It's a warning, this dream was sent by Berlioz or someone else because of my laziness and lack of musicial progression. It says that I must be ready and shows the horrible vision of possible failure. 

All musicians - work hard or you shall receive such dreams from your patrons as well.


----------



## Manxfeeder (Oct 19, 2010)

Last night I dreamed I was at a church gathering and they started playing Bruckner's 8th symphony. Of course, that's really where it belongs anyway.


----------



## Xaltotun (Sep 3, 2010)

I don't hear music in my dreams... I meet people. A couple of nights ago, I met Gustav Mahler in my dream; some time before that, Leonard Bernstein. I talked with Lenny, he was really crazy and energetic, and had all kinds of weird plans. With Mahler, I was so awestruck that I didn't dare to talk to him... but his presence was impressive.


----------



## Sid James (Feb 7, 2009)

Huilunsoittaja said:


> Once, I even heard a melody I couldn't name. It was some dark long tones in the strings only, that's all I can remember. But it rang no bell for me as a particular piece. A new song from my sub-conscience?


I've had a few experiences similar to that. I particularly remember once hearing this great music in my dream, it sounded like a masterpiece that my mind was composing. It was a bit filmic, like a more modern version of Rimsky-Korsakov's _Scheherazade _or something like that. I was pretty happy dreaming this dream, it was like being at a premiere & I was the only one in the audience - it was all for me only. When I woke up, I could only remember that it had something to do with music, and I had a good feeling. I definitely couldn't remember any tunes or even fragments of them. Mind you, I hardly ever dream. I haven't had a dream (at least one I could remember) for years. I'm quite a deep sleeper. My mother & sister are light sleepers & they always have dreams.
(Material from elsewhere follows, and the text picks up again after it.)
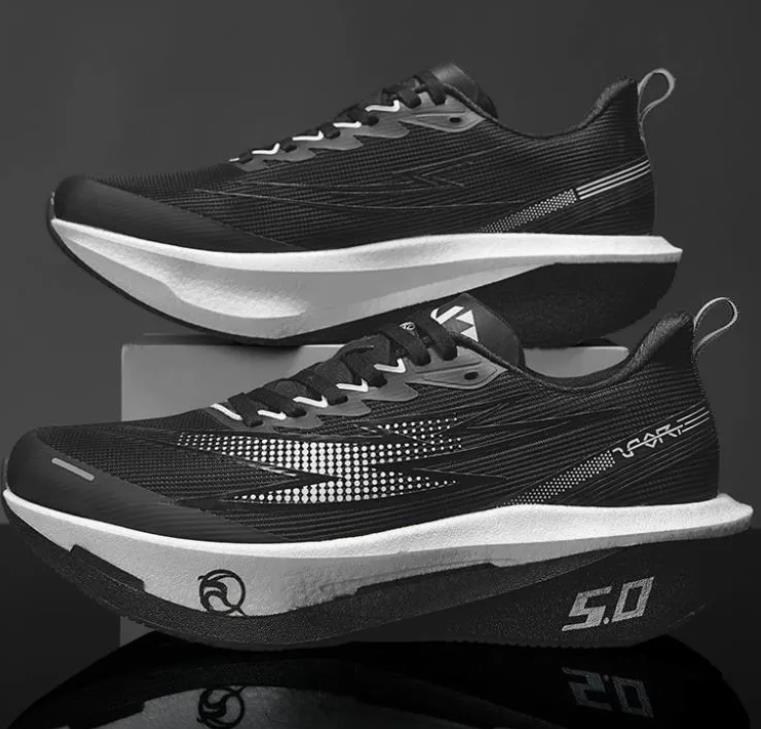 Designer Football Boots sneaker running shoes lightweight cushioning marathon wear resistant casual sports shoes unisex couple shoe 26-6.1-3
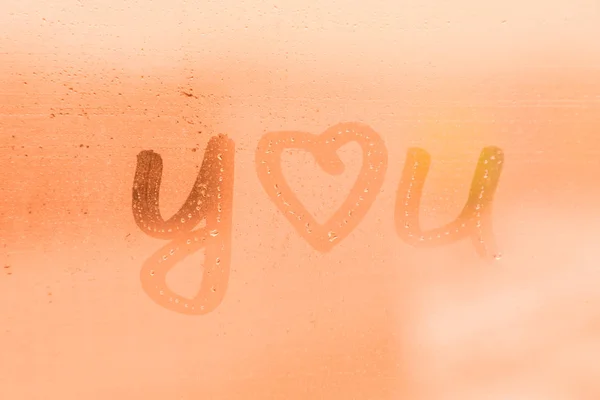Романтическая Надпись Love You Оранжевом Розовом Вечернем Утреннем Оконном Стекле — стоковое фото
BTW, a number of composers throughout history have been able to remember music from their dreams, and write it down upon awakening. Tartini's _Devil's Trill Sonata _was composed in this way. So was Stravinsky's _Octet for winds_...


----------



## science (Oct 14, 2010)

It sounds ridiculous, but I once dreamed that I was watching an opera on DVD with my four Vietnamese lovers. (Of course I've never had any Vietnamese lovers in real life, let alone four of them. But I have watched many more than four opera DVDs. If only the situation were reversed. Alas, that is someone else's life.)


----------



## Couchie (Dec 9, 2010)

Andre said:


> I've had a few experiences similar to that. I particularly remember once hearing this great music in my dream, it sounded like a masterpiece that my mind was composing. It was a bit filmic, like a more modern version of Rimsky-Korsakov's _Scheherazade _or something like that. I was pretty happy dreaming this dream, it was like being at a premiere & I was the only one in the audience - it was all for me only. When I woke up, I could only remember that it had something to do with music, and I had a good feeling. I definitely couldn't remember any tunes or even fragments of them. Mind you, I hardly ever dream. I haven't had a dream (at least one I could remember) for years. I'm quite a deep sleeper. My mother & sister are light sleepers & they always have dreams.
> 
> BTW, a number of composers throughout history have been able to remember music from their dreams, and write it down upon awakening. Tartini's _Devil's Trill Sonata _was composed in this way. So was Stravinsky's _Octet for winds_...


I once had a dream about a spectacular art piece that I apparently thought was the best thing ever and I should create. I woke up and in a groggy state jotted down the idea, then promptly fell back asleep.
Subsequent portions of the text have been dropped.